As one might expect from a preacher with many decades of experience, he manages to make use of alliteration in his answer to why: communication, communion, command, co-operation, compassion, continuation, confrontation. Though if you want more details on each, you’ll have to read it for yourself.

With it fairly well drummed into us that prayer is a necessary part of the christian life, Roger turns to how we must pray. Roger focuses on some particular examples, though he limits himself to only looking at the New Testament. One could expand this to a whole book in itself and I’m sure you could pick any number of other examples that are omitted here.

Of course, one could hardly have a book on prayer without discussing the so-called Lord’s prayer.
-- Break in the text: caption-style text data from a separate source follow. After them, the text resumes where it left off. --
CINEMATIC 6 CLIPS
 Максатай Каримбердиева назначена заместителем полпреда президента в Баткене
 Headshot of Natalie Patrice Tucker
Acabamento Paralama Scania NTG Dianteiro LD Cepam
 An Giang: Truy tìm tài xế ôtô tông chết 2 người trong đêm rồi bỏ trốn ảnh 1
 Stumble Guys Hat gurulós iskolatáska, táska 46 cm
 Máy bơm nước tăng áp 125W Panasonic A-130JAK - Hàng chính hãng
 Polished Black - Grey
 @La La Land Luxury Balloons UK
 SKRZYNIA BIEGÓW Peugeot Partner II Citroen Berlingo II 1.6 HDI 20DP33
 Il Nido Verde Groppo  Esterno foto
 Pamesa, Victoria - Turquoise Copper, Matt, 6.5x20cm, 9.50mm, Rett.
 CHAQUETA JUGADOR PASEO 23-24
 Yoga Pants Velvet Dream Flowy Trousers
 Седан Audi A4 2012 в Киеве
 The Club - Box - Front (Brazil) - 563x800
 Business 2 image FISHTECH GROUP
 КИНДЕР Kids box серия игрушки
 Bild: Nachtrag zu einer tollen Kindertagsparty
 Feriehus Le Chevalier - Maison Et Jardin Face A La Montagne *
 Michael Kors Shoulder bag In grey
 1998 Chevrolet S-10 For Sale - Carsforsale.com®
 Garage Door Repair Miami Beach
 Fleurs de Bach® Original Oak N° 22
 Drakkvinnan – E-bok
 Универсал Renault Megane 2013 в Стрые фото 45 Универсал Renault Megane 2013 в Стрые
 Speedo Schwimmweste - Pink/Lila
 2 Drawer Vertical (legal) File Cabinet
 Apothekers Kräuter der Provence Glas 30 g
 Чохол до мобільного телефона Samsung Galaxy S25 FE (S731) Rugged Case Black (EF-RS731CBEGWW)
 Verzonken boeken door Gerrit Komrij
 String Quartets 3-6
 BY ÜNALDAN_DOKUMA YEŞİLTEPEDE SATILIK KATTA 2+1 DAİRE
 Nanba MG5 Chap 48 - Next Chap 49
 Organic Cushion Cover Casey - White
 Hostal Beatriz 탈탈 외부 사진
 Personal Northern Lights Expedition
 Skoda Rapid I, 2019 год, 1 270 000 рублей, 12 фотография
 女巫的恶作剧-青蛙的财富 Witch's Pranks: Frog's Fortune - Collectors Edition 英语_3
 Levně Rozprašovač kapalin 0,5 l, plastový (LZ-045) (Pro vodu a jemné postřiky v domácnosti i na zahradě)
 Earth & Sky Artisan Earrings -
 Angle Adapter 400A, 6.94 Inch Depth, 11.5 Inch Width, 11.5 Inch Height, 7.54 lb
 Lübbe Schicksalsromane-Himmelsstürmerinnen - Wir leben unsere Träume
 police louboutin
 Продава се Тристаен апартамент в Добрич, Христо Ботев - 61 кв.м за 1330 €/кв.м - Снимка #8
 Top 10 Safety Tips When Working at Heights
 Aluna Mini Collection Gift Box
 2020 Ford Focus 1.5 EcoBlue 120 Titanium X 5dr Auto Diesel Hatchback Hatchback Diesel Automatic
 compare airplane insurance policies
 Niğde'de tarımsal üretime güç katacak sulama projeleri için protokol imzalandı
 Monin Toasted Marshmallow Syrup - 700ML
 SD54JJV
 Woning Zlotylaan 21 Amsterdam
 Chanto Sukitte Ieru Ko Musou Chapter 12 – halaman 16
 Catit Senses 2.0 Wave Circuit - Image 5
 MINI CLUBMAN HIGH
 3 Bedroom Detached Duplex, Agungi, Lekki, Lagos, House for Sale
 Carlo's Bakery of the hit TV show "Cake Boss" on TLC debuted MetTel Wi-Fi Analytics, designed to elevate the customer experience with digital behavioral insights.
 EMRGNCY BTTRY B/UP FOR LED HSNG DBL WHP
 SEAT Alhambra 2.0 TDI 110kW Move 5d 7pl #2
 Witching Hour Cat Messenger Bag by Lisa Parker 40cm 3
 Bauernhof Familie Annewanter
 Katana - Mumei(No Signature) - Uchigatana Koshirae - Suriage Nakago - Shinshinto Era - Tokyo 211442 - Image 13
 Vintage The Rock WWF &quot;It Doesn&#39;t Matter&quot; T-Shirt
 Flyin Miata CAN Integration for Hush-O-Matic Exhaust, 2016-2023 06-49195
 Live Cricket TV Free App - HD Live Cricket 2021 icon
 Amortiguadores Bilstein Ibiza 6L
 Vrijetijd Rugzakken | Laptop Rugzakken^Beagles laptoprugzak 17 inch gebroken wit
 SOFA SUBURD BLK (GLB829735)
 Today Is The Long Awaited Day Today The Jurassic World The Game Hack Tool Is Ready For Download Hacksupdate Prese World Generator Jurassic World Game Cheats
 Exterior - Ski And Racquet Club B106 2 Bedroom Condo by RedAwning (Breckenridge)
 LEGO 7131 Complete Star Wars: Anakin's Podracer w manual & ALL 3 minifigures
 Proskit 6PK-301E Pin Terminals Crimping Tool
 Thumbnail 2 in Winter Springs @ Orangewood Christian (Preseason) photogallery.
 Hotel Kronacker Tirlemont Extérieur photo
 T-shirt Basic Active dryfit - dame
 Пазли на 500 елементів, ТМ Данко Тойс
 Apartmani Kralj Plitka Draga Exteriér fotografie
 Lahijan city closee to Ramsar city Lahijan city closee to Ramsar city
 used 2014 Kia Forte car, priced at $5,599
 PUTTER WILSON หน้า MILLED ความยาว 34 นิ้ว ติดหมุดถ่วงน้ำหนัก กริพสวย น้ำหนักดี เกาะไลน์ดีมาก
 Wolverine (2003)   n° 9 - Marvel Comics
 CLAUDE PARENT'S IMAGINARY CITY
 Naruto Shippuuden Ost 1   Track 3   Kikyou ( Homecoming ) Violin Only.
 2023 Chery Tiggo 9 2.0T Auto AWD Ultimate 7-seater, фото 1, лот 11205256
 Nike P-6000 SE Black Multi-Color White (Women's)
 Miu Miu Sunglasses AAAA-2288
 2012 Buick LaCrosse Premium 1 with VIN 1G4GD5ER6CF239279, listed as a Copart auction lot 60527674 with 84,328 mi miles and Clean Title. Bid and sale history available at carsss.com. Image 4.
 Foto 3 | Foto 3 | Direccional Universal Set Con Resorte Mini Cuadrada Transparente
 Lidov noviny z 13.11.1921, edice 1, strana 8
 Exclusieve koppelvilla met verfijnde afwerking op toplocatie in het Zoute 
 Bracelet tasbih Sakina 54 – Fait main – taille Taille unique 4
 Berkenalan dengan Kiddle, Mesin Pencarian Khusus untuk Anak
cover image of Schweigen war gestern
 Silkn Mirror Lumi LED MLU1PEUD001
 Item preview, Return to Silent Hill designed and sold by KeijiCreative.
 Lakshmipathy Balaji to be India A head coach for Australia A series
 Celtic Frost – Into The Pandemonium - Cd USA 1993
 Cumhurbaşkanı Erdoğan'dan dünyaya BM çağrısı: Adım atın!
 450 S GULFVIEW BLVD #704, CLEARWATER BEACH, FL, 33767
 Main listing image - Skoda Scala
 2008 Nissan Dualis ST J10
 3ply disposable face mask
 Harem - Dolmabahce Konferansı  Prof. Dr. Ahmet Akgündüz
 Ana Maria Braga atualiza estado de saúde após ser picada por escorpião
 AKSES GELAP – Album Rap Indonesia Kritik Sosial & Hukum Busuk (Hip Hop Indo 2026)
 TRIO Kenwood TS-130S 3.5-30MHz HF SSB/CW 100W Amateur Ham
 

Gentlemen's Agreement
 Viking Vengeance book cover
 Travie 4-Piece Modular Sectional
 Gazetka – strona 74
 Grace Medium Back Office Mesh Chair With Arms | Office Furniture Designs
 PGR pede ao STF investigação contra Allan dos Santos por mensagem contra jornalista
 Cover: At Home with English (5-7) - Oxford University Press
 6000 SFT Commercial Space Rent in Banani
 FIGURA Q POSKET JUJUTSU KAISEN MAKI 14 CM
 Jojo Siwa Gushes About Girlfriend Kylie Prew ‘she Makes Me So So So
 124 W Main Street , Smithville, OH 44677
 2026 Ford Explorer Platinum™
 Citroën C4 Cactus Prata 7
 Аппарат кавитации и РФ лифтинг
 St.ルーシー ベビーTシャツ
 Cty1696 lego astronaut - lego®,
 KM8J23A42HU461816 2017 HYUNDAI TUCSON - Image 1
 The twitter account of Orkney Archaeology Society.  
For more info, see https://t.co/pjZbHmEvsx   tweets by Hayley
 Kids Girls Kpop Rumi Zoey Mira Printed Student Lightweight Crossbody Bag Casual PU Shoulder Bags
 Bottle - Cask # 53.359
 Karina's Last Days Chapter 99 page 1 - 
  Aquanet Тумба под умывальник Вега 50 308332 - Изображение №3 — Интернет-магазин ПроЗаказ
This follows on in the same vein as the previous chapter, with a phrase by phrase dissection of the prayer. Of course, one might ask ‘which version of the prayer?’ The version that most people seem to know (I recall a very odd training day at work when it was the one thing that everyone knew off by heart) is the version from the Book of Common Prayer. Of course, that’s a mongrel version, combining elements of both Matthew’s and Luke’s gospel. Roger focuses on the two biblical approaches, warning against mindless chanting of it, which negates its validity as a genuine prayer. He picks up his preacher’s alliteration again when looking at 3 possible ways one understand and pray the Lord’s prayer: Eschatologically, ecclesiastically and emotionally. There’s also a neat comparative between the versions in Matthew and Luke, as well as a little bit on textual criticism on the differences between them, though unfortunately, in my view, no discussion on Luke 11:1 from which it has been suggested by others that what we know as the Lord’s prayer may actually be something Jesus copied from his cousin John.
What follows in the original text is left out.